Extended producer responsibility, or EPR, is a waste management strategy typically used for hard-to-recycle materials.

EPR is gaining attention in the U.S., mostly at the state level. State EPR legislation varies, but bills are focused on improving the recycling rates of materials commonly found in curbside recycling bins, particularly packaging.

Before an EPR program is considered, states need to do a needs assessment. These studies help states better understand the current state of their waste and recycling system.

Let’s explore why statewide needs assessments are important.

What is a Statewide Needs Assessment? 

Needs assessments have the potential to look at all different aspects of how a state manages recycling and waste. That can include information on:

  • Existing recycling, compost and disposal infrastructure
  • Access to curbside recycling
  • The state of local and rural recycling
  • State compost standards
  • Current recycling rates for paper, plastic, metals, glass and other materials
  • What is and is not considered recyclable
  • How much recyclable material goes to landfills

This data helps states understand what’s working well within their recycling system. They also identify issues the state needs to work on in the future.
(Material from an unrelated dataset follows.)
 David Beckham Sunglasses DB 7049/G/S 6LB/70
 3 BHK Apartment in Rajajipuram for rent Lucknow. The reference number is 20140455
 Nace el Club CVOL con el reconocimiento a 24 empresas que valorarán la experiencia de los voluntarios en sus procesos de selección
States can also do waste characterization studies. These help states discover how much paper, food, metal and more is ending up in their waste streams by reviewing the material collected. This is helpful but doesn’t look at the full picture of a state’s entire infrastructure like a needs assessment does.

Why Are Recycling and Waste Systems So Complex?

Waste and recycling management in a state is complex because of things like:

  • Geographic region: An urban area might have access to curbside recycling, trash and organics disposal while a rural area might have drop-off access only. Transportation distances between homes in rural areas can make curbside more challenging.
  • Difference in waste management companies: The companies who haul away trash and recyclables are different depending on location. What they collect can differ as well.
  • Materials processing facilities: The place where your recycling is sorted. The technology can differ between these facilities as can what they accept.
  • Housing type: Collection from single-family neighborhoods differs from condos and apartments, also known as multi-family housing.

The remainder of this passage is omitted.